Você tem que entender o que leva a mulher a ser vítima. O meio, o que produziu a violência. Então não é uma pergunta normal, como em outros crimes, que você tem que fazer. É diferente. É totalmente diferente do que a gente vive num plantão de distrito normal. E isso não só a vítima, mas o agressor também. E nós também, da delegacia.

Mas você acaba se apaixonando. Agora, não me vejo mais em outro lugar. No início, realmente é uma coisa diferente. Porque você colocar um bandido na cadeia é uma coisa. Agora, você colocar um pai de família, que a criança vai ficar chorando do lado da mãe porque o pai está sendo preso… Então tem esse lado emocional seu também, que pesa. E você tem que ir para os dois lados, né? É complicado.

A vítima de violência doméstica, a mulher, às vezes ela vem mais para desabafar. Só que aí ela me relata um fato criminoso. E eu não posso ficar de braços cruzados. Porque, às vezes, elas falam: ‘mas eu não quero [um inquérito], eu só queria dar um susto nele’. Falo para ela: ‘ainda bem que você agora viu que pode melhorar de situação’, mas eu tenho um caso para apurar.

Não é fazer o B.O., sair daqui com um papel na mão. O papel não é escudo, entendeu? E muitas sabem que o papel não é escudo e que, se vier aqui, quando voltar pra casa vai ser pior.

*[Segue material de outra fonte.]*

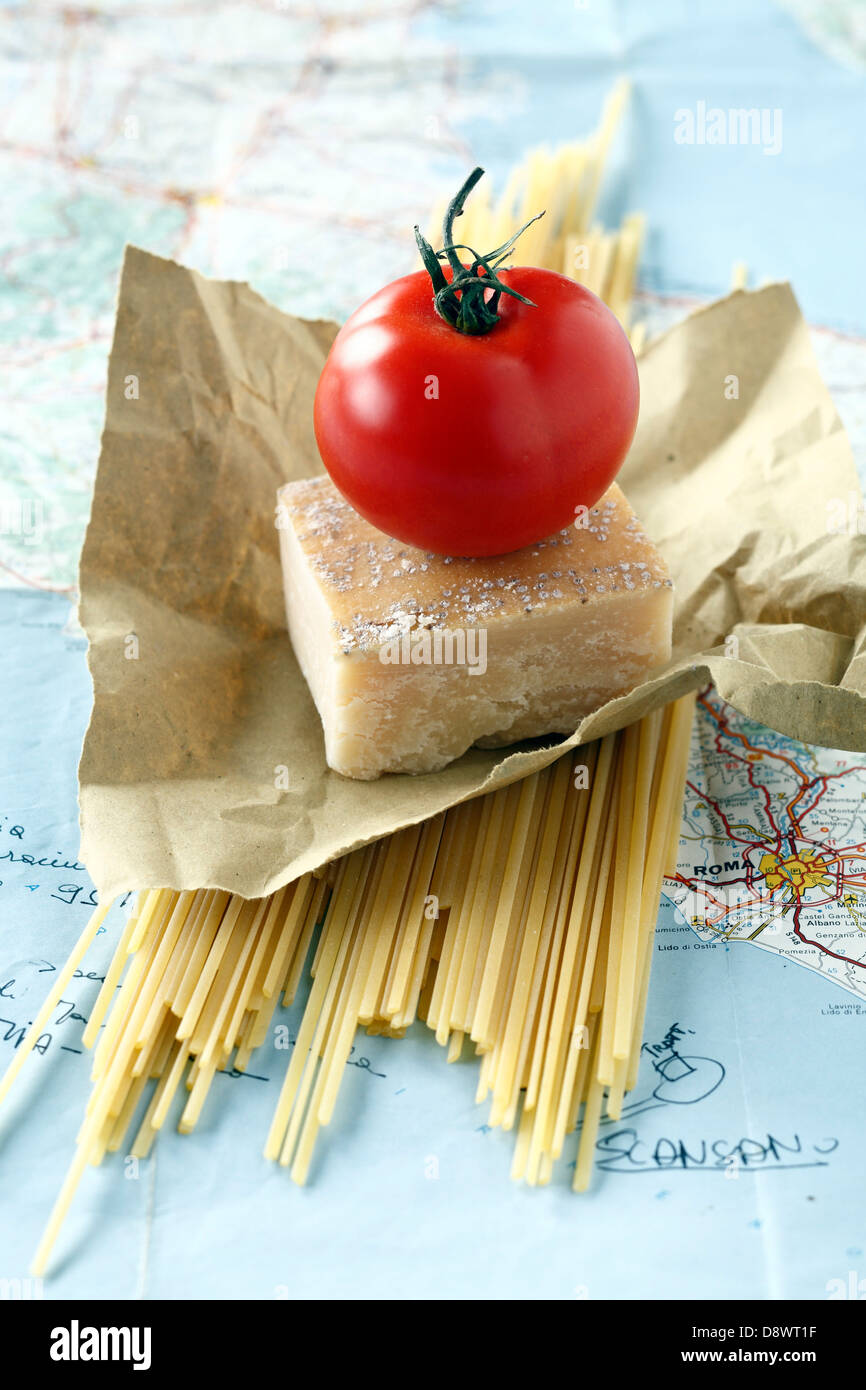 Spaghettis, parmesan et une tomate sur une carte routière de l'Italie Banque D'Images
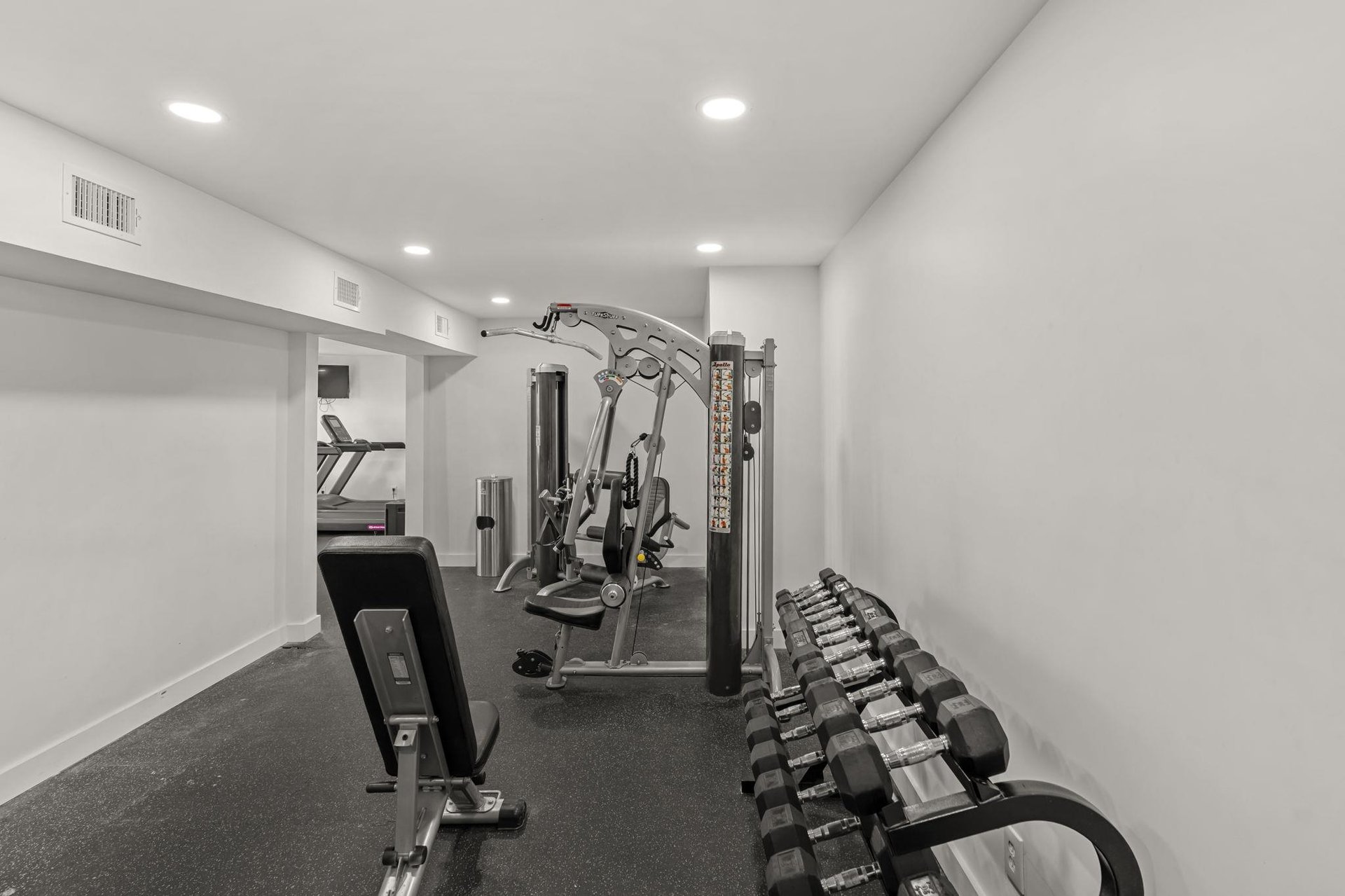 Your private fitness suite awaits with premium equipment, from free weights to multistation machines, all in a clean, welllit space.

E elas têm muita vergonha. Até ela ver que é vítima, que não é porque ele não é assim, que ele pode melhorar… Mas como o homem pode melhorar? Muitas não vêm à delegacia porque existe sentimento, existe o filho. Você não está lidando com um objeto, com uma xícara. É uma pessoa, tem sentimentos. E a mulher é frágil, por mais que ela seja independente. E o homem, pela postura, fragiliza a mulher. São poucas as que vêm aqui e falam: ‘eu não quero mais’.

Ela se sente frágil e pensa: ‘como é que vou separar o pai de meus filhos?’. Não pensa por ela mesma, mas pelos filhos. E até que ponto a delegacia pode ajudar nisso? Em nada. Nada, porque a gente não vive lá dentro.